Being A Neighbor

In her book, The Hiding Place, Corrie ten Boom gives an account of her family’s provision of refuge for Jews during the Nazi persecution across Europe. Corrie’s father often stated, “The master of this house demands that we open the door to anyone that knocks.” Even as he was referring to himself, he also referred to the divine Master. This was the line Mr. ten Boom offered to the many who objected to his behavior. To the Jews, he simply opened the door.

The ten Booms were living as Christ’s Body, which meant that they must live as true neighbors to those in need. When Mr. ten Boom decided to wear a Jewish star after it was ordered that all Jews must thereby distinguish themselves, he made the decision to live among neighbors, to see fellow human beings — not people with differences, not people beneath him, nor men and women facing an adversity that had nothing to do with him. “If we all wear them,” he said to a man standing in line for his star, “they won’t be able to tell any difference.”

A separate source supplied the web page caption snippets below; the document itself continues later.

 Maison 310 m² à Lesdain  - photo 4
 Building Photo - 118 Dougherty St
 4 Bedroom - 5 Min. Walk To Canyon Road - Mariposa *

Our greatest task as Christians is not arguing, reasoning, defending, or preaching, but living as Christ’s Body; living the words we profess with a love for both Word and neighbor and with a clear vision of the God who spoke them both into existence.

Before their arrest and subsequent sentencing to the concentration camp, the ten Boom’s pastor pled with them to follow an easier ethic: “It is the law,” he said, referring to illegality of harboring Jews, “and Christians must obey the law. Think of what you are risking for one Jewish baby.” But Mr. ten Boom knew there was yet a higher law. “We are meant to obey the law of the state–if it does not go against our higher law of God.”

Like the ten Booms, the Confessing Church that stood up to Hitler’s regime was not trying to be relevant or contemporary, liberal, conservative, or rebellious; they were trying to be confessional. Saying “no” to Hitler, they were being who they claimed to be. They were living the reality of the gospel they professed with their mouths. In the words of a dying Betsie ten Boom, “There is no pit so deep that Christ is not deeper still.”

Christ calls us today to allow the Gospel to live itself out in our lives. He calls us to live as neighbors.